Más interés que el recuerdo de la primera viñeta donde aparece cada uno de los personajes, con el que inicia el capítulo a ellos dedicado, me ha merecido la demostración de lo deudores que Hernández y Fernández son del slapstick (subgénero cómico consistente en provocar la carcajada a base de golpes físicos sin intención de dañar) en general, y Stan Laurel y Oliver Hardy en particular. Ni gemelos ni idénticos, una de sus principales diferencias se encuentra en su bigote. El de Hernández es más recto, el de Fernández se curva de distinta forma en los extremos.
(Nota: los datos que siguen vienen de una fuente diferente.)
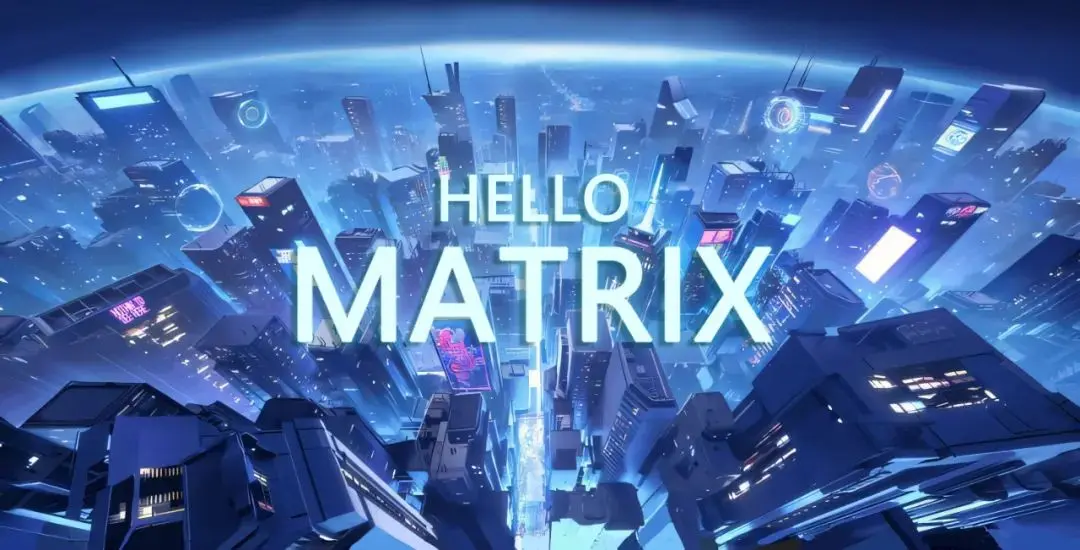 Matrix-Zero世界模型
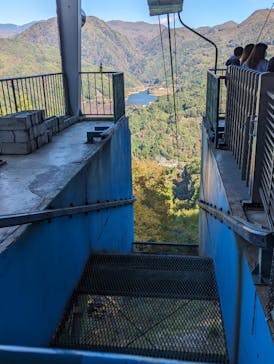 昇仙峡ロープウェイに投稿された画像（2023/10/23）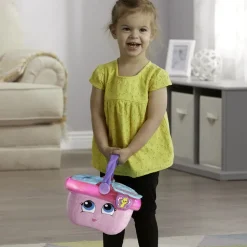 VTech Electrónicos*Cesta De Picnic Formas Y Sabores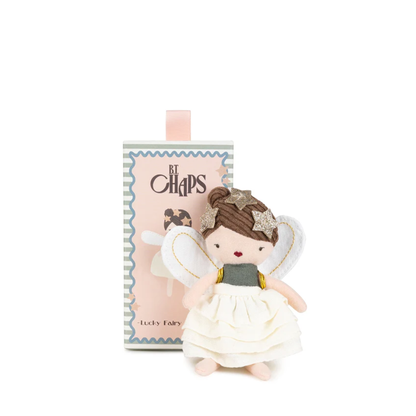 Fėja Mathilda dovanų dėžutėje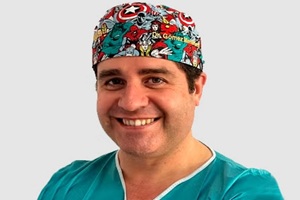 Cirujanos de tiroides - Dr. Julio Gómez Menchero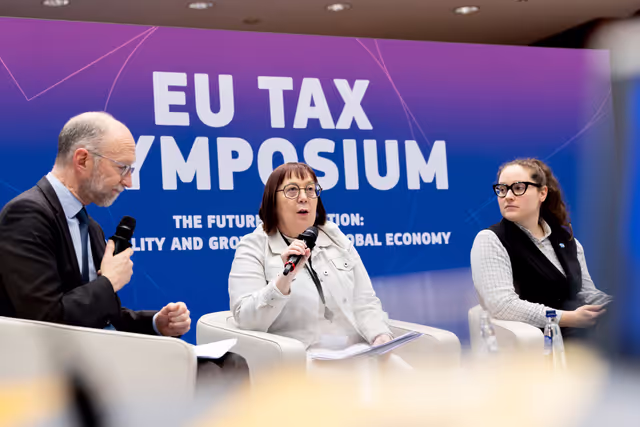 Fotó 40: EU Tax Symposium 2026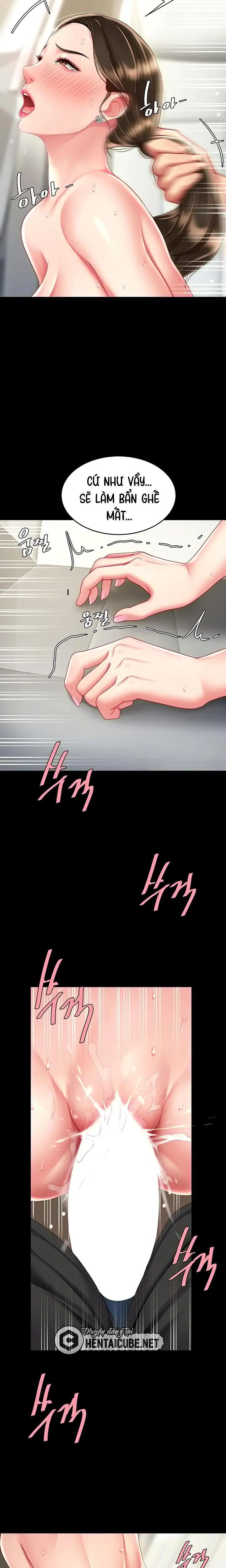 Ăn mẹ cô trước - Chap 28 - 15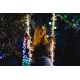 5. Intelligente Twinkly LED-Eiszapfen 190 RGB 5 x 0,7 m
En cuanto a Serafín Latón me ha llamado la atención de sobremanera el acierto con que, mediante este personaje, Farr define la cobardía de los parlanchines. El gran mérito de Michael es adentrarse en la cinefilia de Hergé con una profundidad inédita. Considerando que las viñetas son al dibujante lo que los planos al cineasta, nada más lógico que esa cinefilia de Hergé, que incluye una caricatura de Mary Pickford en una de las ilustraciones de Tintín en América (1931). Nada más lógico salvo las similitudes que Rastapopoulus guarda con el armador griego Aristóteles Onassis. Lástima que no haya ni una referencia al entrañable Oliveira de Figueira.